Pour en revenir au présent film qui se fraie une place dans quelques salles au creux de l’été 2023, c’est un presque-huis clos étiré sur un quart de siècle, sous les décibels où s’agrègent les corps en nage dans une transe gay/bi/ lesbienne sans fin, de l’âge juvénile de la disco jusqu’à la maturité investie par les coups de marteaux de la techno. En arrière-plan, comme autant de repères destinés à de jeunes spectateurs sensément ignares, se profilent allusivement, en guise de pense-bête, l’hécatombe du Sida, la chute du Mur de Berlin, le passage au troisième millénaire et les attentats de 2001 sur les tours du World Trade Center.
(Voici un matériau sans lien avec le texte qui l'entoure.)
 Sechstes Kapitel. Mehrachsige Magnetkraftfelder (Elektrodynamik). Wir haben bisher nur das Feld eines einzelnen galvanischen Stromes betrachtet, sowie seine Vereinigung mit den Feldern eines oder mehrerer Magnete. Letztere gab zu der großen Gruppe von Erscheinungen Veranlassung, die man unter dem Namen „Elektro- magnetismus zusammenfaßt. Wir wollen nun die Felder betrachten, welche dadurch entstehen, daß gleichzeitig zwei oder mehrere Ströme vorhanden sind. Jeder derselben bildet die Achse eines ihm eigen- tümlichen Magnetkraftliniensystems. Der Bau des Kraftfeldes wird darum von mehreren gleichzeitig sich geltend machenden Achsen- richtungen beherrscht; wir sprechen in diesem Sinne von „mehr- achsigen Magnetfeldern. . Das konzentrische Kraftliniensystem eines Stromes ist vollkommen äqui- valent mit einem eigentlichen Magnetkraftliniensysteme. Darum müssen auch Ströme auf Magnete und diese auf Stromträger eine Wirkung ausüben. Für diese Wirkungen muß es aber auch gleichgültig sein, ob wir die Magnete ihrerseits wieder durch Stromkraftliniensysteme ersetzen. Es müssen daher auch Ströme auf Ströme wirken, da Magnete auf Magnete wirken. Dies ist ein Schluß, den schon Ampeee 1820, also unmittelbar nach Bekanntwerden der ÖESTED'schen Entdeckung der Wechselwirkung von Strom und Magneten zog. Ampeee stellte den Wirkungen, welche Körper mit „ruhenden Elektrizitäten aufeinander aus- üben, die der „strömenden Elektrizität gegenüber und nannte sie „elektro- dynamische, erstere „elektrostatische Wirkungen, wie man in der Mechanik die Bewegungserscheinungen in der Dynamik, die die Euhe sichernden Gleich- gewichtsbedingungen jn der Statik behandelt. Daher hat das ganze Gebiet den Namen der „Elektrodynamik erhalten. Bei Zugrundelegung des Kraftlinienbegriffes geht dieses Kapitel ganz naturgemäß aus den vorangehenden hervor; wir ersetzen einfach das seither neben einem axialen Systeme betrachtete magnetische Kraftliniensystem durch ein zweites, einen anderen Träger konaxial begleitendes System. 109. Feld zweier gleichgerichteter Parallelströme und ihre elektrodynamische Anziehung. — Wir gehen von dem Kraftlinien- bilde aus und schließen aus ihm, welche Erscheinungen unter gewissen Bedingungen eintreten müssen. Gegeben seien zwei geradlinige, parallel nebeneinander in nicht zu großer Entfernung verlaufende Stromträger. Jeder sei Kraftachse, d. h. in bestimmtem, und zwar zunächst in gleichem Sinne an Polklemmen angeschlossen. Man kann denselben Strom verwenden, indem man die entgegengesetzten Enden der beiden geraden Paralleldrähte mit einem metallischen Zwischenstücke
A ce canevas plutôt convenu vient s’arrimer le couple May et John (Anaïs Demoustier et Tom Mercier), deux ratés très occupés à ne rien faire de leur existence, environnés de ces comparses qui, tous ensemble, ne s’emploient qu’à nous restituer, dans une nostalgie compassée, ce que fut supposément la « fête » parisienne, depuis les années 80 jusqu’au tournant de l’an 2000.
Immature et pontifiant, ésotérique et prétentieux, cette bête dans la jungle de la ville est, on s’en serait douté, celle du temps qui nous fait passer à côté de l’amour et – oisive jeunesse – perdre la vie sans l’avoir vécue. Dommage que l’acteur israélien francophone Tom Mercier, avec son physique de beau ténébreux sans âge et son doux accent charmeur si singulier, se fourvoie dans la poétique apprêtée de ce « film d’auteur » lancinant, lui qui perçait l’écran en 2019 dans Synonymes, de son passionnant et, pour le coup, très « dérangeant » compatriote, l’écrivain et cinéaste Nadav Lapid – cf. Le Policier (2011) L’institutrice (2024), Le genou d’Ahed (2021)… On se réjouit de voir bientôt Tom Mercier dans Le Règne animal, de Thomas Cailley, et dans The Incident report, de Naomi Jaye. Patience…
La bête dans la jungle. Film de Patric Chiha. France, couleur, 2023. Avec Anaïs Demoustier, Tom Mercier, Béatrice Dalle. Durée : 1h43. En salles le 16 août 2023.